ACTION ITEM: Set down, please, exactly the lines below that run from the line with "Personalisierter runder Adventskalender" to the line with "P'tis Ôh • Taille", both lines included.

Start of THE DATA

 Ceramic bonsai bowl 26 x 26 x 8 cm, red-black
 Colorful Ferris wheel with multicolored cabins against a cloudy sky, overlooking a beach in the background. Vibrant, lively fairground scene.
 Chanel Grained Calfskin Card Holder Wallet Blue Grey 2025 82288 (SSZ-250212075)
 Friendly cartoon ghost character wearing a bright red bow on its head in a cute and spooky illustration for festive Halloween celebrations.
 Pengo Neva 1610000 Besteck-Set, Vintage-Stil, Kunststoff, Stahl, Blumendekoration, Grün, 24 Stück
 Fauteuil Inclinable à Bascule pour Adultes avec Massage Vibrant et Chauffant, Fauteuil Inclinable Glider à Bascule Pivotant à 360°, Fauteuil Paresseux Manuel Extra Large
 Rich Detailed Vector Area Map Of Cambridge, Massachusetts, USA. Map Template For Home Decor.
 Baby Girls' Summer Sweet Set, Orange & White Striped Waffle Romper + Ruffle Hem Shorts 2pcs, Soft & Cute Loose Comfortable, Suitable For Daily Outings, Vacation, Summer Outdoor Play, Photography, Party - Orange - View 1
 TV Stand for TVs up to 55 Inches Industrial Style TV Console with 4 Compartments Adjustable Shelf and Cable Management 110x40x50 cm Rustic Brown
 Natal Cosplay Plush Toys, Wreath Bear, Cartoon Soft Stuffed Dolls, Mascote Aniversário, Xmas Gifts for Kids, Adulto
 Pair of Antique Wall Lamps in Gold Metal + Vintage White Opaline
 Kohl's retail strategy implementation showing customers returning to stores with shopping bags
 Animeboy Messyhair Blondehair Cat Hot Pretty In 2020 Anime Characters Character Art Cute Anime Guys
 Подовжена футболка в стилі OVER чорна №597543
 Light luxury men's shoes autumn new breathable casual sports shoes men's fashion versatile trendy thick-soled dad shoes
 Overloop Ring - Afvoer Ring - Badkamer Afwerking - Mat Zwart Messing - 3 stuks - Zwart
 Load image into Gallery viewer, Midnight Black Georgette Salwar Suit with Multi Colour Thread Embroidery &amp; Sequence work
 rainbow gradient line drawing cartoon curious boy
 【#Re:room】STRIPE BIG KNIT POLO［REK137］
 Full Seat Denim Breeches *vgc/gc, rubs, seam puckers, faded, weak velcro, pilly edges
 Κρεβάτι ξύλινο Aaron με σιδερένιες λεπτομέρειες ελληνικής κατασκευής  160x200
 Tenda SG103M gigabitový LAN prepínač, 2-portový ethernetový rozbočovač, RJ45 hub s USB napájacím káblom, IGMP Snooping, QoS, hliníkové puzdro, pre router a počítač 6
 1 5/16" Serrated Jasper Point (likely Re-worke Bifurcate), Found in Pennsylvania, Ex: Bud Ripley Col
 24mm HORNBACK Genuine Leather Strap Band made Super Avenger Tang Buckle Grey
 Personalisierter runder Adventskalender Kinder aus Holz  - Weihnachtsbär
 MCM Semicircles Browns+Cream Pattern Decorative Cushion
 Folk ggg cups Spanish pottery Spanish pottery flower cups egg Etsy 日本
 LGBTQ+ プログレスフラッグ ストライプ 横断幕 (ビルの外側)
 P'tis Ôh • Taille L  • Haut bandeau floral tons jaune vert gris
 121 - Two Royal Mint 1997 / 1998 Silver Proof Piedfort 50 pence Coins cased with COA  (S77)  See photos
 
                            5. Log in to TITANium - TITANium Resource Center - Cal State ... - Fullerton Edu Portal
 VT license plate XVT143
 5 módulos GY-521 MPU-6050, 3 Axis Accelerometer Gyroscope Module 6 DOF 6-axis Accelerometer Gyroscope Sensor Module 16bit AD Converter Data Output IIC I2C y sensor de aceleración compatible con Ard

End of THE DATA

SOLUTION BELOW:
 Personalisierter runder Adventskalender Kinder aus Holz  - Weihnachtsbär
 MCM Semicircles Browns+Cream Pattern Decorative Cushion
 Folk ggg cups Spanish pottery Spanish pottery flower cups egg Etsy 日本
 LGBTQ+ プログレスフラッグ ストライプ 横断幕 (ビルの外側)
 P'tis Ôh • Taille L  • Haut bandeau floral tons jaune vert gris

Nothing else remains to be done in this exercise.